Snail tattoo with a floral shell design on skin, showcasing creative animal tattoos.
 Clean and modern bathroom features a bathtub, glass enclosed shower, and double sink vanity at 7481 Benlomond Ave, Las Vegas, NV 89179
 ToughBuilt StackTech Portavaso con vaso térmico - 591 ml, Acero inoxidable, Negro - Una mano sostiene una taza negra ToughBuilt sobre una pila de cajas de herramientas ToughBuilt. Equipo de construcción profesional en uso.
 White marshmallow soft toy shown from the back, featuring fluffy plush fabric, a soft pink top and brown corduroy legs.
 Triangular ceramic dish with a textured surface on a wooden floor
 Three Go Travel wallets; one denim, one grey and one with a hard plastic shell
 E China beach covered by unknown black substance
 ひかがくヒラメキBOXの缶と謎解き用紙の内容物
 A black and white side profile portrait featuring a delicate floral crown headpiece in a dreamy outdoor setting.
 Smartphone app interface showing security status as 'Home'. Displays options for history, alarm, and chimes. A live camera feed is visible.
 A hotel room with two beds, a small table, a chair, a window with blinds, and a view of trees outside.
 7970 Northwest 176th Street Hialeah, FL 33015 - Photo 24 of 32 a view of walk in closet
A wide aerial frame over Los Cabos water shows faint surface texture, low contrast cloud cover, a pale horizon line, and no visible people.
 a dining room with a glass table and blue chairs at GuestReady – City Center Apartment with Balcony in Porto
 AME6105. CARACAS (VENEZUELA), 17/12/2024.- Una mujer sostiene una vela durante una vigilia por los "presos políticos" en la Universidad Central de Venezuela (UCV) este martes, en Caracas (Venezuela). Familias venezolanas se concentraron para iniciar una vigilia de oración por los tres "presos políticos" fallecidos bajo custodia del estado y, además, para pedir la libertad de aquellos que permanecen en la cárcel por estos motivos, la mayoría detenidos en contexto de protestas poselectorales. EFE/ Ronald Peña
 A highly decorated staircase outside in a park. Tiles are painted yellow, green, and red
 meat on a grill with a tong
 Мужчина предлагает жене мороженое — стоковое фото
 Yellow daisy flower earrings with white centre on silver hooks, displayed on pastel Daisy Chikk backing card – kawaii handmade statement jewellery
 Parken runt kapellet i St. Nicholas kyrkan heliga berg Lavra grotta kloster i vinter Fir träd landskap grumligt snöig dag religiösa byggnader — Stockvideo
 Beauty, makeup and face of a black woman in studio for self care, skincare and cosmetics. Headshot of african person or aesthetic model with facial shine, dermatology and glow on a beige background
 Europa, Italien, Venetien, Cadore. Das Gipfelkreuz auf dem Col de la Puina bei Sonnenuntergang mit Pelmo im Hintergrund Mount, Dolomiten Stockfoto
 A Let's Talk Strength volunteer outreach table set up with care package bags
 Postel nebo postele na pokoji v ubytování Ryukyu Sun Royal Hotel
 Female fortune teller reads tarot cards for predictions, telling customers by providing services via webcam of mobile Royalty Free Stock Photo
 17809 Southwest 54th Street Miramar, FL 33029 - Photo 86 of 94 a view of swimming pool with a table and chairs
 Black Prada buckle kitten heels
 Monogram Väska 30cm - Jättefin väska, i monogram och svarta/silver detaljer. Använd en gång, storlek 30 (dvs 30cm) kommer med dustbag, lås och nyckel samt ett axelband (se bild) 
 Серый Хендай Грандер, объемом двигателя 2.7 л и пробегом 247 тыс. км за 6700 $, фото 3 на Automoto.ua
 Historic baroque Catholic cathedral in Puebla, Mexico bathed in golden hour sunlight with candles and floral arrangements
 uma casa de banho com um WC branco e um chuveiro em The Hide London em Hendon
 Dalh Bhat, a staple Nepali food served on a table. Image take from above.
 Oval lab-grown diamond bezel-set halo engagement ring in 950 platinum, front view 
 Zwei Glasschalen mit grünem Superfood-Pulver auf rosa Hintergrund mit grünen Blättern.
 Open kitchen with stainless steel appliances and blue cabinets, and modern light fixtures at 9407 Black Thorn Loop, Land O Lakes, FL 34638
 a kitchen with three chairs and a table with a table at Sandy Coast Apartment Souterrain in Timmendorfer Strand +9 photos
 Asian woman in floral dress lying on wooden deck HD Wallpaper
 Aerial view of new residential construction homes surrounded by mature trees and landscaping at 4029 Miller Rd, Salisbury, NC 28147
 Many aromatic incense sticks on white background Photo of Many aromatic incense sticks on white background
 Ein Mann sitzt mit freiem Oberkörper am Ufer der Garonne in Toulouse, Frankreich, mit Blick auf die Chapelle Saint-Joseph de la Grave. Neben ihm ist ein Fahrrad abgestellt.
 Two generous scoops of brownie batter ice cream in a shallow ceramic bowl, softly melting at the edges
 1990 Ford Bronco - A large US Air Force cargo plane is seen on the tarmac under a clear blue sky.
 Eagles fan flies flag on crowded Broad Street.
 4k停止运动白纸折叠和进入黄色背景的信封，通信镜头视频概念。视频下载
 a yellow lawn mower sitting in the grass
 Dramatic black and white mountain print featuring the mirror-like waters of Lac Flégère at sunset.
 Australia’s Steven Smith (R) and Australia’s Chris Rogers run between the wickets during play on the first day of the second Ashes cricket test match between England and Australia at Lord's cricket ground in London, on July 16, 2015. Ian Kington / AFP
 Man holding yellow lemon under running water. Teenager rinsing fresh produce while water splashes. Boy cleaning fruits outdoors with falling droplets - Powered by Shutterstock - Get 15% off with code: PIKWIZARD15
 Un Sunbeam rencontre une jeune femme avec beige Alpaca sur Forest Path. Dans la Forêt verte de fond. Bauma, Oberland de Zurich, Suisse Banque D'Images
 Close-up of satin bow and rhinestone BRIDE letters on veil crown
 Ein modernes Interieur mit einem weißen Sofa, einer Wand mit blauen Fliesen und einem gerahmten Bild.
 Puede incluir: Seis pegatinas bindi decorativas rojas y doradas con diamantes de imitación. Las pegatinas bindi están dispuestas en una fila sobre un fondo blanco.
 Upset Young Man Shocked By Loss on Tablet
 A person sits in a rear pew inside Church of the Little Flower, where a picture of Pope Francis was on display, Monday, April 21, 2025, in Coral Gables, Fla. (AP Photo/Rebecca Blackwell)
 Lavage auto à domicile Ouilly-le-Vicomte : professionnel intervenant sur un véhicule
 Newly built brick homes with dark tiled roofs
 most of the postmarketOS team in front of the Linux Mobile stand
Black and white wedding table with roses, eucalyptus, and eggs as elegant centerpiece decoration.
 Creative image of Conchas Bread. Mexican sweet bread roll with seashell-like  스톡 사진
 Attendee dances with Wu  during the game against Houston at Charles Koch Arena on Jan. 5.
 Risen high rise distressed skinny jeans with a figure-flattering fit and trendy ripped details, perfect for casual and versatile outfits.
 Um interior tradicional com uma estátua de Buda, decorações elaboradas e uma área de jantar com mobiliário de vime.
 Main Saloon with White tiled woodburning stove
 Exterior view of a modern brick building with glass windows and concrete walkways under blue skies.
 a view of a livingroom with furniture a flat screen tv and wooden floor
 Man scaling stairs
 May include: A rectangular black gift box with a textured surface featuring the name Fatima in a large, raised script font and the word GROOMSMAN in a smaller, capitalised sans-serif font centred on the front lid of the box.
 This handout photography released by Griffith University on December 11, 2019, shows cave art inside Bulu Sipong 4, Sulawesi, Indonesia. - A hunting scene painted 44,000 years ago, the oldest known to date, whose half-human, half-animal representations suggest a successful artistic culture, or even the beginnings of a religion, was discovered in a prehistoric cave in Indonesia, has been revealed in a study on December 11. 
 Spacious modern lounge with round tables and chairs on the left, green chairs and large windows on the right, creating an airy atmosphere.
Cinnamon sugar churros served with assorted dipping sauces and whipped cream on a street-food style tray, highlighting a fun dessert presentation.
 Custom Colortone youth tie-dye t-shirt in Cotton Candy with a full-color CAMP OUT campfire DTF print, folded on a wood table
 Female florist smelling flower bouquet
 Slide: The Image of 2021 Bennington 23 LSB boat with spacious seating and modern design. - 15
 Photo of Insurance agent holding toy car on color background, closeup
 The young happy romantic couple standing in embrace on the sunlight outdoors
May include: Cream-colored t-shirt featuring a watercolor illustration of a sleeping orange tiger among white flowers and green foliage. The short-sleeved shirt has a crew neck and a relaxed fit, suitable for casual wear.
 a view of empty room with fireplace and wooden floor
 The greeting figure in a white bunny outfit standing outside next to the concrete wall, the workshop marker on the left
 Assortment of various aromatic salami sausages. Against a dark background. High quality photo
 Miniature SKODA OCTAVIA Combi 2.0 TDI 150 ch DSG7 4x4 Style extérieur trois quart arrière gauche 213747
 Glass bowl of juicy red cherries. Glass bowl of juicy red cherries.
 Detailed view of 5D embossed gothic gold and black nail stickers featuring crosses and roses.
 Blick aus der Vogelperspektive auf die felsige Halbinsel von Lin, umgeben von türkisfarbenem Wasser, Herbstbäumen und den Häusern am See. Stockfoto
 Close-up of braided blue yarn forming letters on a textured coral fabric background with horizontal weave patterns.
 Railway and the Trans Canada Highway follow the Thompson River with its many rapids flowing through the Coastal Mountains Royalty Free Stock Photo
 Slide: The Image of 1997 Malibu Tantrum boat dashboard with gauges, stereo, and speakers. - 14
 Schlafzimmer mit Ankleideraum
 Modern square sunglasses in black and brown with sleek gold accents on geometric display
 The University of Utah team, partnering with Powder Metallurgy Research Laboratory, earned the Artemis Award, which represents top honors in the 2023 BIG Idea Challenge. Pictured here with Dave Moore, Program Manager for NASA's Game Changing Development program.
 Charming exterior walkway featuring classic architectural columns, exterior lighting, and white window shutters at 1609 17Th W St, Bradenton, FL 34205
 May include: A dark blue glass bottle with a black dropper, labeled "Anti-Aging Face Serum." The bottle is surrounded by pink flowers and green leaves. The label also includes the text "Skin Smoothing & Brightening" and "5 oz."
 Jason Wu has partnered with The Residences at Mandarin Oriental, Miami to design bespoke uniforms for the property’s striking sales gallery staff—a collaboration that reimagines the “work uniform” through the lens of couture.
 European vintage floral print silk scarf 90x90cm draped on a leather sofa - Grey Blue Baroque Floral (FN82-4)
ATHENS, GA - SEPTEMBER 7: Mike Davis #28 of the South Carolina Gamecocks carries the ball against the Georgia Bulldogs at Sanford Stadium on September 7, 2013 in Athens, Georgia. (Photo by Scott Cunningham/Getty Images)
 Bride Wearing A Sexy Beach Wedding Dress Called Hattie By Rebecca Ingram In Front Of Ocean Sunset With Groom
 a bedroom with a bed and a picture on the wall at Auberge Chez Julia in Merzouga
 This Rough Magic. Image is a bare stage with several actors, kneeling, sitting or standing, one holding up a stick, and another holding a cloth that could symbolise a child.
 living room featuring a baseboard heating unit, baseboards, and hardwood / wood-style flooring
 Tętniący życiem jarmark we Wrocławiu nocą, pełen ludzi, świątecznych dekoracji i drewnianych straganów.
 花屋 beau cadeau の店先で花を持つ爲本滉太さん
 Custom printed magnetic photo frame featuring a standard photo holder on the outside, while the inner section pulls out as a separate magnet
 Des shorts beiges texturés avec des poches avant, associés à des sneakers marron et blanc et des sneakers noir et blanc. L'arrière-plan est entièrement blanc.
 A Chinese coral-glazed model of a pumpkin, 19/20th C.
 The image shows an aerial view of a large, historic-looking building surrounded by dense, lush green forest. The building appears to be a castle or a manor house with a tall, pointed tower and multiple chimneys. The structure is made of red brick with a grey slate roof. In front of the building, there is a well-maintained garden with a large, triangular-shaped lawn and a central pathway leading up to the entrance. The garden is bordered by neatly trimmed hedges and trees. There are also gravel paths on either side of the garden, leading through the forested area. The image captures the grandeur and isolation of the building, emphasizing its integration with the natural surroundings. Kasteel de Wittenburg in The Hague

········

Look through the material and find each line that includes "textured", then copy it.

--- Result ---
 Triangular ceramic dish with a textured surface on a wooden floor
 May include: A rectangular black gift box with a textured surface featuring the name Fatima in a large, raised script font and the word GROOMSMAN in a smaller, capitalised sans-serif font centred on the front lid of the box.
 Close-up of braided blue yarn forming letters on a textured coral fabric background with horizontal weave patterns.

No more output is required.